The most misunderstood element and the most dangerous to the success of a product, is the idea that team members should evaluate the design based on personal tastes or preferences. Industrial design is not an art form, but a focused creative expression using the scientific data and analysis in the Design Brief and QFD as ultimate guidelines. The target user, their needs and tastes should be reflected in the final design, not necessarily exclusively those of the design team. Of course, many complex variables such as the OEM brand identity, past successes and failures, and whimsical trends often skew or distort styling decisions. In instances where the factors are overwhelming, OEM's may err on the side of cautious conservative design.
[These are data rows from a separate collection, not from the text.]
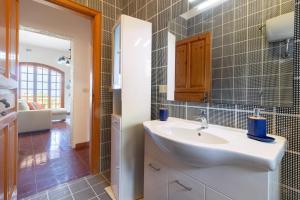 un baño con lavabo y espejo en Villa Serra, en Marina Serra 50 fotos más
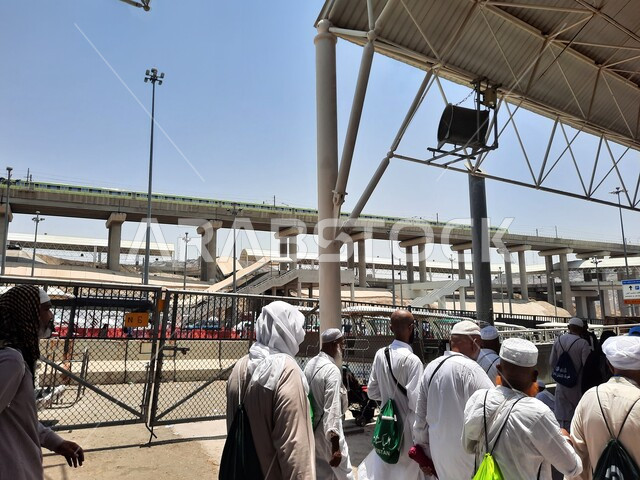 خدمات نقل آمنة و مريحة في موسم الحج، صورة مقربة لحجاج بيت الله الحرام بملابس الإحرام البيضاء يقفون ينتظرون قطار الحرمين السريع في مكة المكرمة بعد رمي الجمرات ، محطة الرصيفة في مكة المكرمة ، وسائل نقل الحجاج للمسجد الحرام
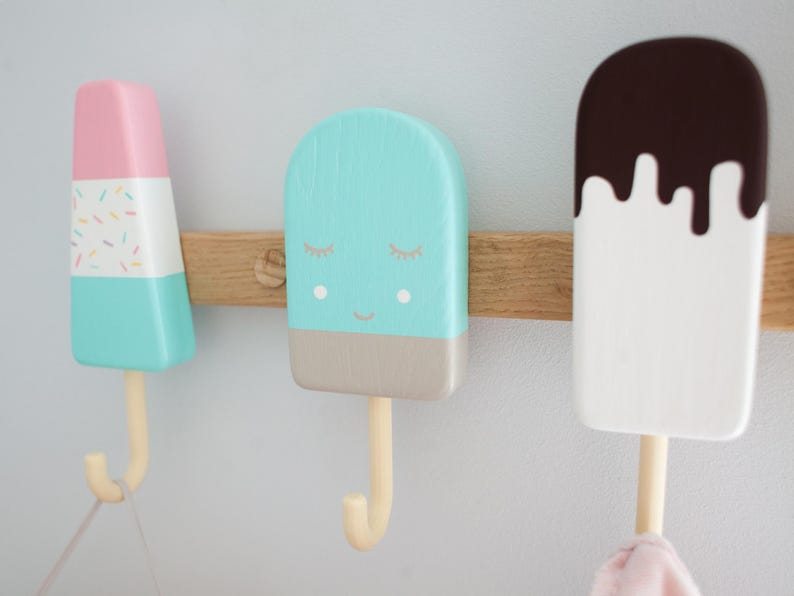 May include: Three colorful popsicle-shaped wall hooks mounted on a wooden board. The hooks are painted in pastel colors: pink, blue, and white, with decorative details. Each hook has a wooden stick and a curved hook for hanging items.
=== Parallel development ===
Because of the need to reduce development time and costs, the "styling" design model is usually developed in parallel with the engineering 3D design. While there is an increasing amount of digital design input in the modern OEM design process, nearly all major motorcycle manufacturers still rely on full scale clay models to render the master style model, then scan and import the styling surfaces into suitable 3D software packages (Alias, CATIA, ISEM Surf) for integration into the 3D engineering CAD platform (CATIA, ProEngineer, etc.). Once combined, the design team can virtually refine the motorcycle by optimising component assembly, checking for any undesirable interferences between parts, and predict and eliminate possible engineering problems. Typically, designers and engineers will have the greatest number of conflicts during this phase of development, as designers will fight to maintain the original styling and design of the clay model and artwork into the production vehicle, while the engineer will eliminate all problems in the most efficient manner possible. The success of the final product depends heavily on the level of cooperation between these often conflicting needs.
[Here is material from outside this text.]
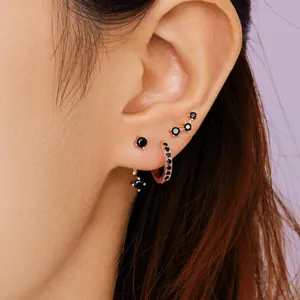 Rose gold copper multi piercing earrings set with black stones, stylish fashion ear jewelry.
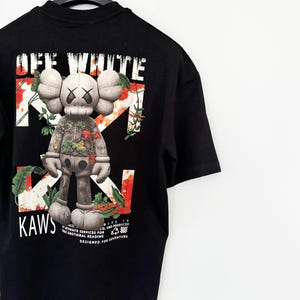 Puede incluir: Camiseta negra con un diseño de figura KAWS con detalles florales y los textos "OFF WHITE" y "KAWS". El diseño incluye flechas blancas y el texto "DESIGNED FOR ADVENTURE".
== Amateur and specialists ==
=== Custom builders ===
In recent years, largely due to the popularity of television programs like Orange County Chopper and Biker Build-off, the building of one of a kind "chopper" or "cruiser" type motorcycles has become more mainstream, leading to a flourishing builder industry. As a whole, these vehicles are not designed in the professional sense, but rather crafted by hand by metal workers and artisans using traditional skills. The resulting vehicles tend to be very elaborate, expensive and difficult or impossible to reproduce in mass production, but are highly valued for the same reasons.
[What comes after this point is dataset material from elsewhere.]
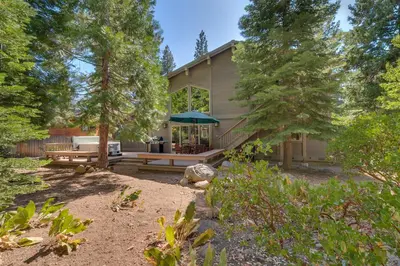 a house with a picnic table in the yard at High Sierra at Dollar Point - Private Hot Tub, Close to Ski Resorts, Pet Friendly! in Tahoe City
Among custom motorcycle culture, certain names have become famous for their creations and have led to mainstream acceptance of previously unacceptable design solutions such as extreme ergonomics, totally rigid rear wheels without the benefit of suspension, minimal lighting and limited ground clearance for cornering. These design characteristics are purely emotional in nature, being led by styling and image rather than technical or performance considerations.

=== "Specials" ===
Custom and specials motorcycles are similar to the above but tend to be super sport type motorcycles, or at least high-performance based, using many special add-on parts, one-of-a-kind or limited series frames, racing wheels and parts or hand-made components to maximise performance. While modifying motorcycles is an activity as old as the motorcycle itself, the "special" culture or "streetfighter" began to flourish in the mid-1970s as a response to the myriad high performance Japanese motorcycles then available, but whose power far exceeded their handling. Individuals would choose premanufactured parts from catalogs or from other bikes and redesign their particular machine to suit their desires. In general this activity is limited to one-of-a-kind vehicles and, as with custom motorcycles, uses very little genuine engineering or design methodology, although some small-scale manufacturers exist who make limited runs of a given model. In some cases, these tiny specialists were successful enough to grow into full-scale OEM companies such as the Buell Motorcycle Company and Bimota of Italy.